Drew Skau was our first volunteer from the audience to present. He provided us with many entertaining examples from his WTF Visualizations site. I’m not going to post every visualization presented, although I certainly encourage you to explore wtfviz.net for yourself. That said, one of our favorites was this info cow.
This visualization is equal parts offensive and delicious. None of us could figure out what information this is supposed to convey. (This comes from Brazil and no one spoke Portuguese. At least no one speaking up.) I hope it’s demonstrating a 100% meet cow. Too much of a cow is inedible bones and guts.
Grid of Confusion
Every Vis Lies I, or is it Georges?, like to introduce at least one lie that I have been personally involved with because that’s only fair. At right is the original figure that was part of a paper I was involved with a few years ago. The image (supposedly) shows the layout of a 2D array arranged to be loaded as a hierarchy of detail levels. The C’s, M’s, and F’s represent data at coarse, medium, and fine levels, respectively. When you look at this grid, it appears to be a random assortment of letters in a grid. However, there actually is a pattern to the data here even if it is invisible. Take a moment to see if you can figure it out.
There are two main problems with this representation. The first problem is the use of the C, F, and M symbols. Although we can certainly recognize any one of them when we look individually, taken as a group they are too similar to group into regions. The fact that they are all capital letters of about the same size does not help. The second problem is that each letter is encapsulated in its own box, creating a grid of double lines. These lines draw attention away from the real data (supposedly represented by the letters) with clutter and visual vibrations. Every time I look at this I see gray blobs from a Hermann grid-like illusion.
Here is a much better representation of the same data with dark, medium, and light colors representing the coarse, medium, and fine labels, respectively. The colors make the pattern instantly recognizable and the muted lines no longer interfere. I have intentionally used colors of similar hues to respect that these are the same data at different fidelity.

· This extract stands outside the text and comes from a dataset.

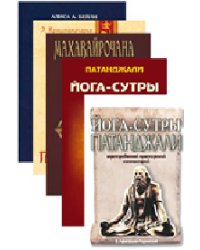 Йога-сутры Патанджали (комплект из 5-х книг)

The (Destructive) Power of Rainbows
Russ Taylor came up and discussed some of the dangers of the rainbow color map. At right is an image of a 2D data field encoded with the rainbow color map. There are numerous problems with the rainbow color map, a big part of which is that it appears uneven which in turn hides features. This particular field has five salient features. Can you find them? Try to name them before reading on.
First, you may have noticed that there is an overall slant to the data. The data on the left is lower than the data on the right. Second, there are downward pockets and raised ridges throughout the slope. These ridges are uniform (although you might have thought the ones in the middle are more shallow). Third, there is a pattern of ripples that radiate from the center of the image. This ripple center is not quite symmetrical with the bumps. Fourth, there is a vertical step about 3/4 of the way through the data. You can probably see it OK through the red and yellow areas but not as well through the green. Fifth, there is another vertical step about 1/3 of the way through the data. This one is very hard to see.
Bernice, or was it I?, found this interesting visualization of the stock plummet after a spoofed tweet of an injury of US President Obama. (Click the link to see the full animated version.) We had a good time with this because there is just so much wrong with it.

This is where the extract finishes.